SINGA-79 Fix bug in singatool that can not parse -conf flag

singa-env.sh
 - change commandline arg from -confdir=XXX to -confdir XXX
tool.cc
 - parse -confdir flag to read corresponding sing configure
cluster_rt.h/cc
 - add detailed documentation for JobManager
 - add checks for zk related operations if zk handler is not initilized.
diff --git a/bin/singa-env.sh b/bin/singa-env.sh
index 98a0abc..0a3db9e 100755
--- a/bin/singa-env.sh
+++ b/bin/singa-env.sh
@@ -51,7 +51,7 @@
 # set SINGA_LOG
 if [ -z $SINGA_LOG ]; then
   # add -confdir arg, so no need to run under SINGA_HOME
-  SINGA_LOG=`"$SINGA_HOME"/singatool getlogdir -confdir="$SINGA_CONF"`
+  SINGA_LOG=`"$SINGA_HOME"/singatool getlogdir -confdir "$SINGA_CONF"`
   [ $? == 0 ] || exit 1 
 fi
 
diff --git a/conf/singa.conf b/conf/singa.conf
index fad37d5..20cff98 100644
--- a/conf/singa.conf
+++ b/conf/singa.conf
@@ -1,4 +1,6 @@
 # point to your active zookeeper service
+# this is comma separated host:port pairs, each corresponding to a zk server
+# e.g. "127.0.0.1:3000,127.0.0.1:3001,127.0.0.1:3002"

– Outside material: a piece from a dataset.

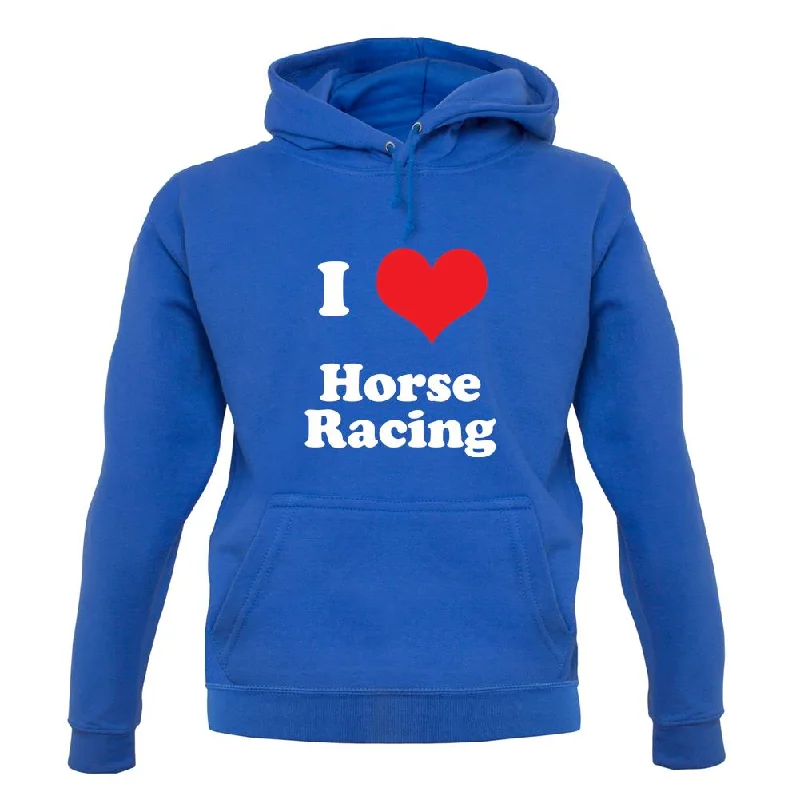 i-love-horse-racing-unisex-hoodie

 zookeeper_host: "localhost:2181"
 
 # set if you want to change log directory
diff --git a/include/utils/cluster_rt.h b/include/utils/cluster_rt.h
index bdfa8fd..5de6c16 100644
--- a/include/utils/cluster_rt.h
+++ b/include/utils/cluster_rt.h
@@ -151,16 +151,27 @@
 
 class JobManager {
  public:
+  // host is comma separated host:port pairs, each corresponding to a zk server.
+  // e.g. "127.0.0.1:3000,127.0.0.1:3001,127.0.0.1:3002"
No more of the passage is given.